Campus awareness group challenges male stereotypes Campus awareness group challenges male stereotypes
Student group, A Men’s Issue, believes the biggest problem at Syracuse University is that everyone likes to pretend like sexual violence does not occur.
‘No one on campus talks about it,’ said Sacchi Patel, co-president of AMI. ‘Rape is a word people don’t use at all because we like to think it doesn’t happen.’
AMI is trying to educate the campus on issues just like these.
The group made, up of nineteen students and Cpl. Joe Shanley from the Department of Public Safety, was founded on advocating for women’s rights.
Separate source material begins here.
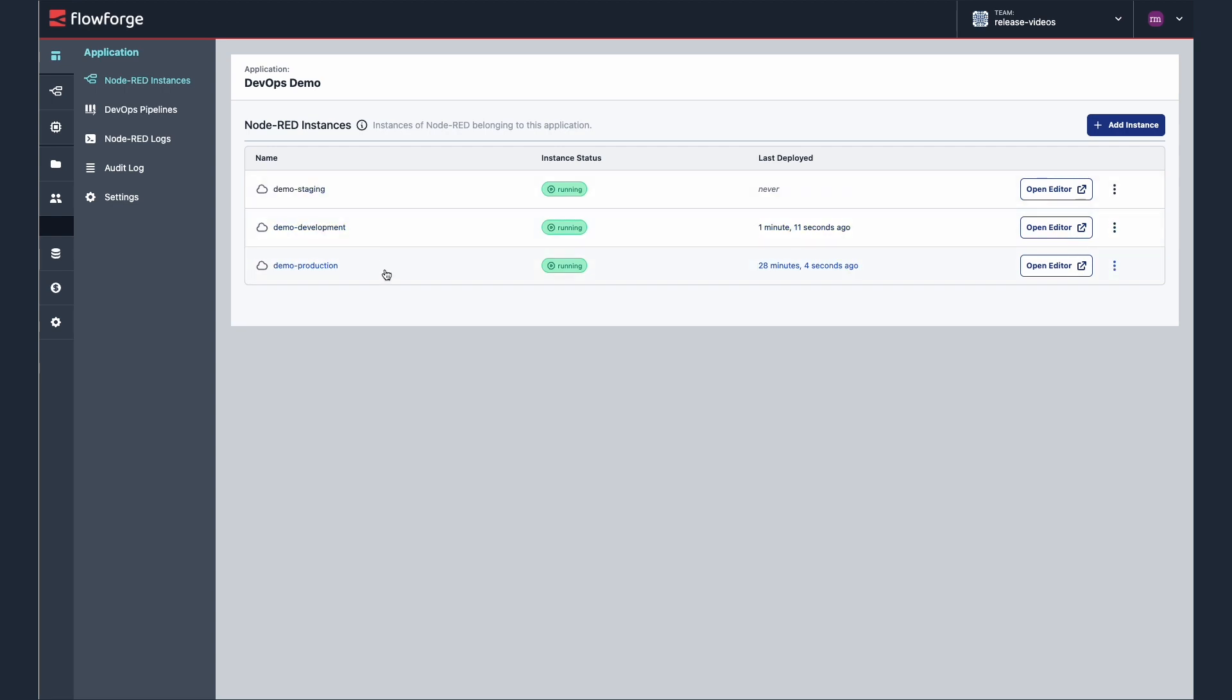Once you have the instances running, the next step is to define the stages of our pipeline, adding one for each of the instances I just created.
‘Our main goal is to end sexual violence and rape and shift societal focus,’ said Benjamin Bradley, AMI co-president and senior social work major. ‘Men need to take an active role.’
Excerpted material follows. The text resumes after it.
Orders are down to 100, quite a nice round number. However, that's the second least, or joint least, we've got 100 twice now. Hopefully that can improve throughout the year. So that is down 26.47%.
Halfway through his freshman year, Bradley became friends with Patel, now a senior psychology and child family studies major. Now, roommates Bradley and Patel are co-presidents of the group.
‘If you’re a man in America there is an image that you have to be strong and dominate and you can’t express your emotions,’ Bradley said. ‘All men go through that and SU is no different and that sort of thing starts sexual violence and rape.’
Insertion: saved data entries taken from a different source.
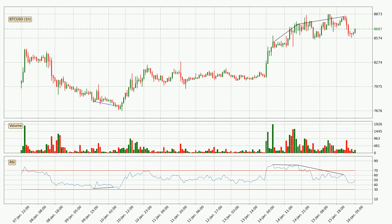The same logic applies to bullish divergence, where the price makes a lower low but the indicator is making a higher low, showing that the sellers are exhausted. Now looking for divergence in the hourly time frame, there was a bearish divergence and the price already went down.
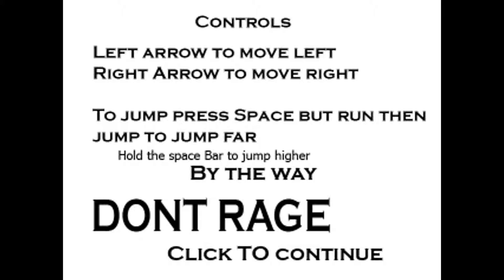So, controls: left arrow to move left, right arrow to move right. To jump, press spacebar. Run, then jump to jump far. Okay, hold spacebar to jump high. By the way, don't rage, click to continue.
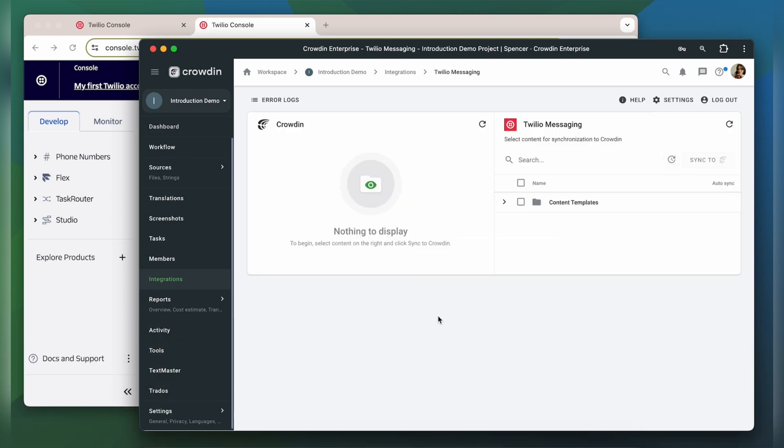Now we're on the integration screen. On the right are all my content templates in Twilio Messaging, and on the left are only ones that I've already requested translation for.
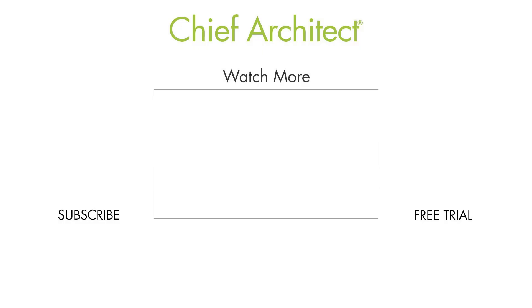That wraps up this video on roof soffits and fascias. To learn more, please see our built-in help as well as our support articles. Thanks for watching.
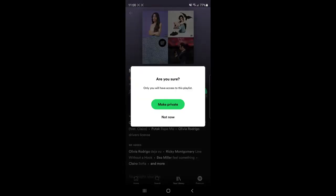If you click on make private, you'll get this pop-up window, and you simply need to click on the make private button again to confirm that you want to make this playlist private.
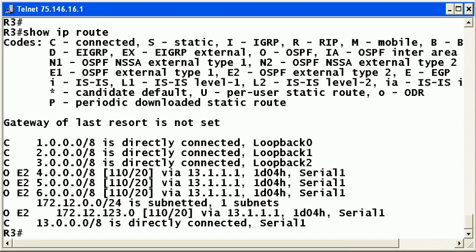I'm Chris Bryant, CCIE number 12933, and welcome to the third and final installment in our look at route redistribution.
AMI was founded in 2003 after Don McPherson, former NFL quarterback and 1988 SU alumnus, presented his annual address to incoming freshmen about masculinity and sexual violence. For many of the men in the group, it was McPherson’s speech that motivated them to join.
Jacob Bartholomew, now a cultural foundations of education graduate student, joined AMI as an undergraduate at SU because of McPherson.
‘Here is this super-jock athlete who played in NFL and now he is doing all this work,’ Bartholomew said. ‘I was blown away by how passionate he was about the issue and that really came across in his talk.’
Two years later Bartholomew met Bradley. For the latter, AMI is a place to understand and define what it means to be a man.
Bartholomew, who has now been an active group member for six years, said that AMI has, and continues to be, a safe place for men.
‘I think our biggest goal is to be place where men can explore what it means to be a man,’ he said. ‘The group changes men in that they have a new way of thinking and that’s an impact that will last the rest of their lives.’
Last August, AMI welcomed Cpl. Shanley to their weekly meetings. Shanley said he wanted to get involved to be both an educator and a student.
‘Like anything else, communication and respect are two of the main forms of developmental skills we have,’ Shanley said. ‘For me, in life, learning to communicate is only going to enhance my personal goals. It’s all about respect.’
Shanley, father of three sons and a daughter, said AMI helps him be a better role model for his children.
‘These young gentlemen look to me and help me by letting me into their lives and telling me the hard decisions they have to make on a daily basis.’